Ministerial Conference on Atmospheric Pollution and Climate Change
- Venue: Grand Hotel Huis ter Duin
- Theme: Climate change and atmospheric pollution

= Noordwijk Climate Conference =

Political climate conference in 1989 at Noordwijk, The Netherlands

The Ministerial Conference on Atmospheric Pollution and Climate Change was the first major political climate conference that took place on 6 and 7 November 1989 at the Grand Hotel Huis ter Duin in Noordwijk, The Netherlands.

Attendees included ministers of 68 countries. The goal of the conference was creating a binding agreement on carbon dioxide emissions, which almost succeeded. The conference was organized by the Dutch environment minister Ed Nijpels and prepared by climatologist Pier Vellinga.

The United States, Japan, the Soviet Union and the United Kingdom did not want to make an agreement about the reduction of emissions. Even discussions about stabilizing emissions turned out to be difficult. The conference did not reach its initial goals.

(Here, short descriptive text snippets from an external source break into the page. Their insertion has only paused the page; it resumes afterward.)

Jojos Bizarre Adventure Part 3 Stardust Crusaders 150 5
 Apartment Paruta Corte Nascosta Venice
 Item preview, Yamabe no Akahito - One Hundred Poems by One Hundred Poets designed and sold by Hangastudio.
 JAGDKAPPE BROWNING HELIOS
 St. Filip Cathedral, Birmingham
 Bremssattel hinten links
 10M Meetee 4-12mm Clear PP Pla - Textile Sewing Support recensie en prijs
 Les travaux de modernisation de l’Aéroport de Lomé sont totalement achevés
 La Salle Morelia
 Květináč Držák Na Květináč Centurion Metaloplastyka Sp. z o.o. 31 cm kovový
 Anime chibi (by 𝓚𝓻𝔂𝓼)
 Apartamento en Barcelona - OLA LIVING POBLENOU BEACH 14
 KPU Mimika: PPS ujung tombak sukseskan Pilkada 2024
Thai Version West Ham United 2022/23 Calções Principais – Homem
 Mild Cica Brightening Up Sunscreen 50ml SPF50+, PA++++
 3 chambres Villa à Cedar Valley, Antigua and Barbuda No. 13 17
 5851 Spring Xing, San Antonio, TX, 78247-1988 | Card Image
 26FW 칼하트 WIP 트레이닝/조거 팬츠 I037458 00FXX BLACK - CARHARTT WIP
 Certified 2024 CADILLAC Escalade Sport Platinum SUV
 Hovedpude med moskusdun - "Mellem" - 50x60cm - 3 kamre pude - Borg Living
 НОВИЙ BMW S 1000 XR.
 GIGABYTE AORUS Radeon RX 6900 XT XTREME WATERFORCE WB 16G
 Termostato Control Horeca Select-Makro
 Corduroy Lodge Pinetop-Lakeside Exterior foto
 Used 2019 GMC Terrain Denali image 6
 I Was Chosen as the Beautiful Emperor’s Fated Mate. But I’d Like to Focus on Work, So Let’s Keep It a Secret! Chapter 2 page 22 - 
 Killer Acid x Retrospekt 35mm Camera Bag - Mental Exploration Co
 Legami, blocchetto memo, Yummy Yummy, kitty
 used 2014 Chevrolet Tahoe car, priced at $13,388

The United States sent the Administrator of the Environmental Protection Agency William K. Reilly and White House Chief of Staff John H. Sununu. According to Reilly, Sununu was nervous about him. Sununu made the science advisor to president George H. W. Bush, D. Allan Bromley, responsible. The science advisor was pressured by the climate sceptical Sununu to convince the other attendees to abandon the commitment to freeze emissions.

In 2019, the conference attracted interest due to a publication in New York Times Magazine by Nathaniel Rich, who subsequently wrote the book Losing Earth as an extension of the article. According to Rich, this conference was the closest the world has ever been to a binding international agreement regarding greenhouse gas emissions.